▶ Work required: Print the listing below only from the line that has "21st Century, Melatonin, Prolonged" through the line that has "Personal Shopper Buy", exactly, and drop any picture.

▶ Input material:
- - -
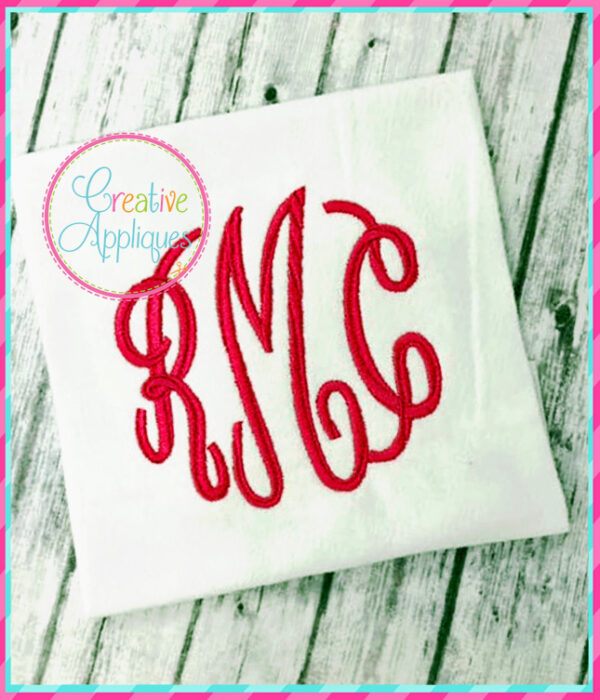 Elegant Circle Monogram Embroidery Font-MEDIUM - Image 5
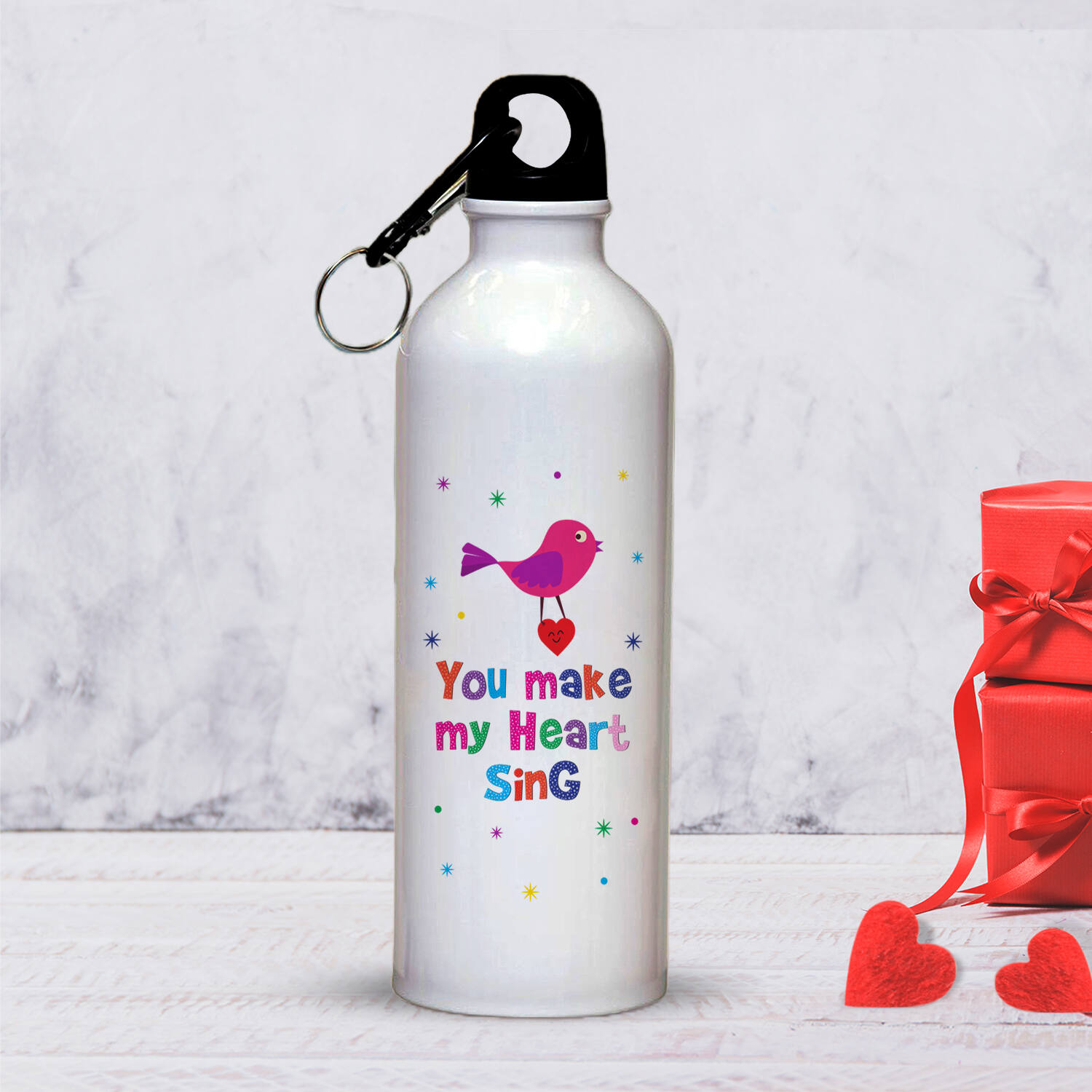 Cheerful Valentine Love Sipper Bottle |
- - -
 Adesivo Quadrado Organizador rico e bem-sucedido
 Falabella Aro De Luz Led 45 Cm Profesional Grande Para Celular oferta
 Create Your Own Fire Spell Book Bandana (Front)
- - -
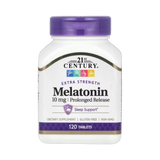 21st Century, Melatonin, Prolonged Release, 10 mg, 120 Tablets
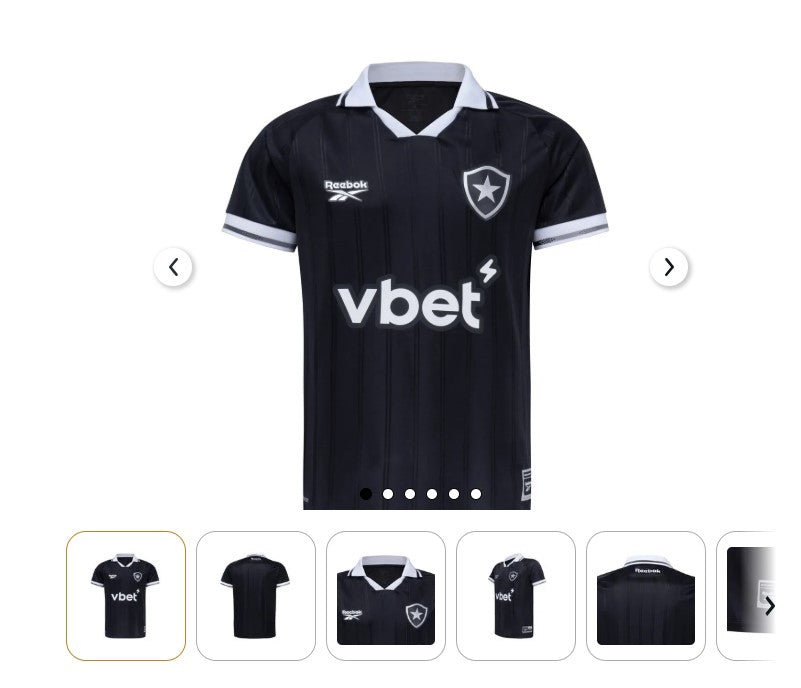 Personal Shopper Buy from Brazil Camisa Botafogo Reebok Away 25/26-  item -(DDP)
- - -
▶ Output for this task:
 21st Century, Melatonin, Prolonged Release, 10 mg, 120 Tablets
 Personal Shopper Buy from Brazil Camisa Botafogo Reebok Away 25/26-  item -(DDP)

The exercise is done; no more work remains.